═════ Material for the task ═════

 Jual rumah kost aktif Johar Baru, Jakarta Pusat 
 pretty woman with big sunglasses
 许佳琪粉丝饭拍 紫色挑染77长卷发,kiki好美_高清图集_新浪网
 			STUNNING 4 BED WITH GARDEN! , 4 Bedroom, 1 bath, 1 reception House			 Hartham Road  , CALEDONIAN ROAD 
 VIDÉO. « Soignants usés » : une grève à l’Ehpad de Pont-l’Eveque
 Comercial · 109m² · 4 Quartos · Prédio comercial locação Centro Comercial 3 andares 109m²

═════
═════ Material for the task ═════

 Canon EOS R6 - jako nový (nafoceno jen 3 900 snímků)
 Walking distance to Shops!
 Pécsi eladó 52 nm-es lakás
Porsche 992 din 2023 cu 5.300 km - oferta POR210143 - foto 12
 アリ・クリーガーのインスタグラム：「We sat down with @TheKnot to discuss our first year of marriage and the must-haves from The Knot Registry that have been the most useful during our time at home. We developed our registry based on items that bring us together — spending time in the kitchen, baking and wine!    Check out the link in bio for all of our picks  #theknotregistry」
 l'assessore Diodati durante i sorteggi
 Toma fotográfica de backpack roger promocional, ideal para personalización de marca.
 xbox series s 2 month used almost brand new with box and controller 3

═════

- _Exercise description_: Please reproduce, exactly as they appear above, the lines from the line containing "Jual rumah kost" up to and including the line containing "Comercial · 109m²".

- _Response for this exercise_:
 Jual rumah kost aktif Johar Baru, Jakarta Pusat 
 pretty woman with big sunglasses
 许佳琪粉丝饭拍 紫色挑染77长卷发,kiki好美_高清图集_新浪网
 			STUNNING 4 BED WITH GARDEN! , 4 Bedroom, 1 bath, 1 reception House			 Hartham Road  , CALEDONIAN ROAD 
 VIDÉO. « Soignants usés » : une grève à l’Ehpad de Pont-l’Eveque
 Comercial · 109m² · 4 Quartos · Prédio comercial locação Centro Comercial 3 andares 109m²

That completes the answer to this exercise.